Assignment
In the records below, take the line containing "Exposed Root White" and every line following it, and write them out exactly.

Dataset records
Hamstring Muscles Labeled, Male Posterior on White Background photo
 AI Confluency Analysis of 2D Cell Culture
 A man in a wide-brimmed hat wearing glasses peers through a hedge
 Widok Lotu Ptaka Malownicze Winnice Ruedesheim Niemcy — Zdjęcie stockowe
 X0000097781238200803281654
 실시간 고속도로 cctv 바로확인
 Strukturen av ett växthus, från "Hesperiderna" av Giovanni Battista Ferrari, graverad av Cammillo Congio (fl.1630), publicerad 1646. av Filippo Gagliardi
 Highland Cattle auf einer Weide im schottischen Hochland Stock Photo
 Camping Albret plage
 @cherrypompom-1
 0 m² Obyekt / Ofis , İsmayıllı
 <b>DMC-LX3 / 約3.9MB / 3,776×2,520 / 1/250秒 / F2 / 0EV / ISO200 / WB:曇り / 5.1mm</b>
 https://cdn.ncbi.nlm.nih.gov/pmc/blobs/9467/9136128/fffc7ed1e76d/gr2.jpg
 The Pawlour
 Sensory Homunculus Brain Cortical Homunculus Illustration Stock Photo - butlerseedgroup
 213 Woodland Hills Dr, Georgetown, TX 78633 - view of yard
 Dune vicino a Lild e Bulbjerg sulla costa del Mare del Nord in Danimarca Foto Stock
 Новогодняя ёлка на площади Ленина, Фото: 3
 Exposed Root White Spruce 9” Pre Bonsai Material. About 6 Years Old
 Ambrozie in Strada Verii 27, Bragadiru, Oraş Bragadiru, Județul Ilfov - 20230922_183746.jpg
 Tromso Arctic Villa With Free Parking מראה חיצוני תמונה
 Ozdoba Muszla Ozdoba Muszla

Your response
 Exposed Root White Spruce 9” Pre Bonsai Material. About 6 Years Old
 Ambrozie in Strada Verii 27, Bragadiru, Oraş Bragadiru, Județul Ilfov - 20230922_183746.jpg
 Tromso Arctic Villa With Free Parking מראה חיצוני תמונה
 Ozdoba Muszla Ozdoba Muszla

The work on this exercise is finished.